O filme foi um gigantesco sucesso e, logo, a Universal quis uma continuação da história, mesmo que o roteiro impossibilitasse tal continuação. A escolha dos roteiristas foi pegar uma pequena parte do livro e transformar num filme inteiro. Na história original, o monstro pede a seu criador por uma companhia. “Assim como Adão teve sua Eva” ele diz. Victor chega a começar a construir tal criatura, mas ao pensar que elas poderiam se reproduzir e criar uma nova raça nefasta, ele desiste da ideia e nem chega a terminá-la. O filme “A Noiva do Frankenstein”, de 1935, trabalha em cima dessa ideia.
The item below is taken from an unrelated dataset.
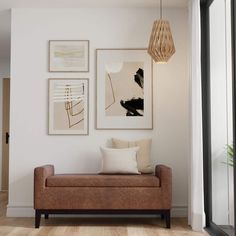 a living room filled with furniture and pictures on the wall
O roteiro em si é totalmente rocambolesco, mas nele, finalmente, temos o monstro um pouco mais inteligente e a concretização da tal noiva. Este filme também foi um sucesso absurdo na época e solidificou a ideia da “Noiva do Frankeinstein” na mitologia da história. Também por causa deste filme começou a se confundir o monstro com o doutor, e muitos passam a achar que a criação se chama Frankenstein, mas o arremedo de corpos nunca ganhou um nome.
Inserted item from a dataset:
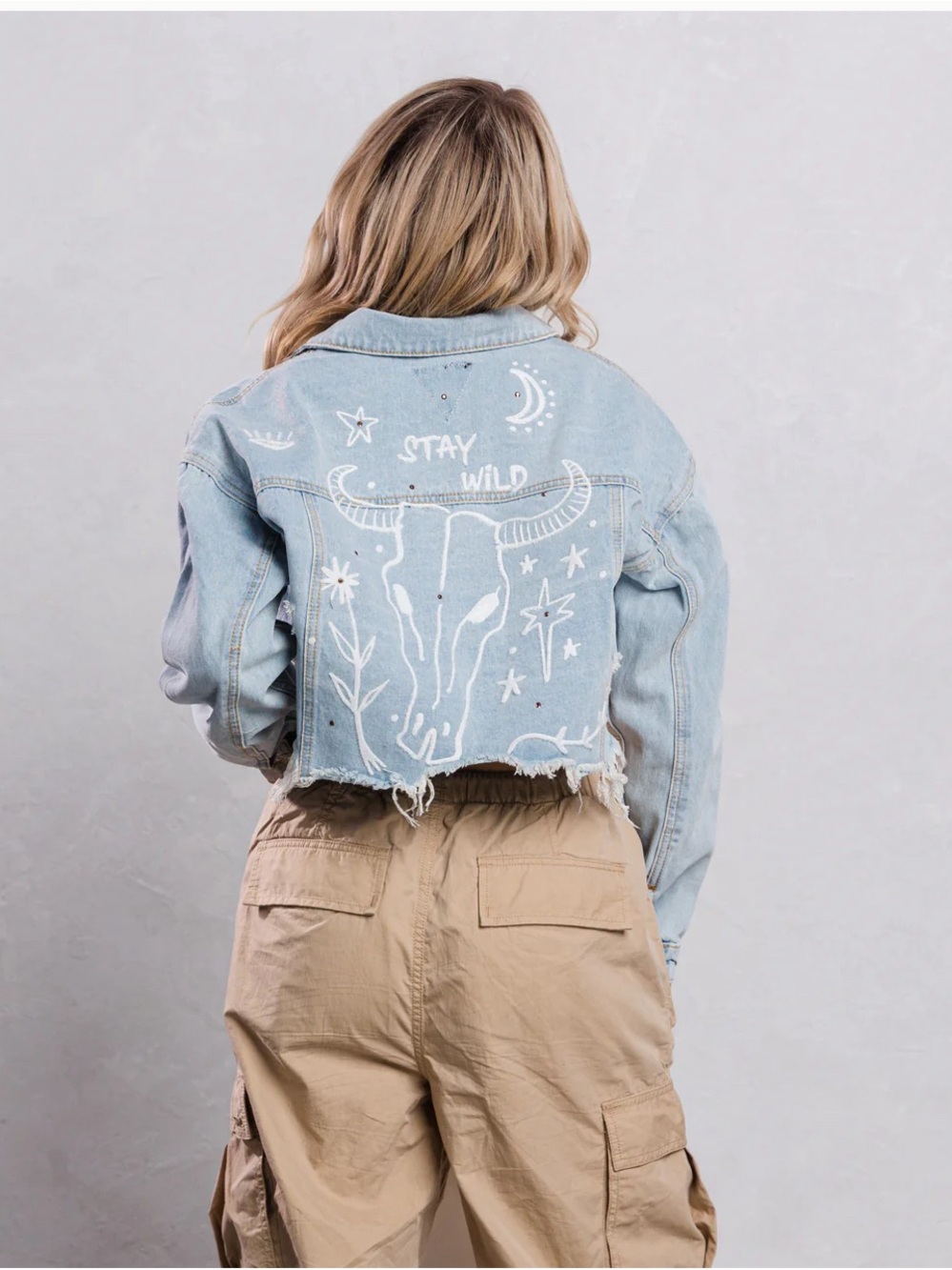NWT Trio Cropped Light Wash Denim Jacket with White Graphic - "Stay Wild"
O grande filme que realmente se preocupou em adaptar o livro de forma mais fiel foi “Frankenstein” de Mary Shelley”. Depois do sucesso de 1992, “Drácula de Bram Stoker“, dirigido pelo Coppola, houve a tentativa de criar uma série de filmes que adaptassem os grandes clássicos do terror literário de forma definitiva. O próximo passo foi a obra de Shelley. A responsabilidade foi dada ao diretor Kenneth Branagh, que, na época, era conhecido pelas melhores adaptações de William Shakespeare para o cinema, além das atuações espetaculares em tais filmes. Com a função de diretor, ele também atuou como Victor, e da mesma forma que Coppola fez com Drácula, ele decide fazer um filme que não tem vergonha de ser altamente gótico, dramático e poético. Isso fica claro nas atuações exageradas e teatrais e em coisas como personagens falando sozinhos ou de forma super eloquente em momentos onde isso não seria necessário. Os próprios diálogos são bastante líricos e propositalmente parecidos com a linguagem do livro. As modificações que são feitas nesta adaptação estão no intuito de simplificar algumas coisas. Tanto a família de Frankenstein quanto a família dos camponeses que o monstro observa tem suas histórias resumidas.
Uma preocupação do roteiro é justificar a fascinação de Victor com a morte através de um drama pessoal, que, no caso, é uma morte prematura de sua mãe. Após a criação da criatura (interpretada por De Niro) o Doutor não se arrepende de imediato, mas, de certa forma, retorna à lucidez e desiste de seu projeto. É dado um foco e uma intensificada maior no romance de Victor e Elizabeth para intensificar o clímax do filme. Ao mesmo tempo em que Branagh deseja fazer uma adaptação fiel do livro, ele não deseja ignorar completamente o marco do cinema que foi o longa de 1931 e de 1935 e faz uma série de homenagens. O filme dos anos 90 tenta pegar -e sintetizar- os melhores conceitos que existem nos livros e nestes dois filmes anteriores. O resultado é um filme belíssimo que captura toda a filosofia e beleza da obra original junto com a imagética do cinema clássico. Até agora a melhor adaptação que foi filmada desta obra prima.
“Frankenstein” é uma história universal, pois aborda temas que são comuns a todos de forma atemporal. O que é a vida? Ela tem propósito? Até onde o homem controla a natureza? Qual a origem do mal? Enquanto essas perguntas não forem respondidas, nós sempre estaremos lendo, relendo, adaptando e readaptando esta obra que já se tornou um mito moderno. Estaremos eternamente fascinados pelo homem que costura corpos no silêncio da noite tentando desafiar Deus porque, secretamente, todos temos um pouco de Frankenstein dentro de nós.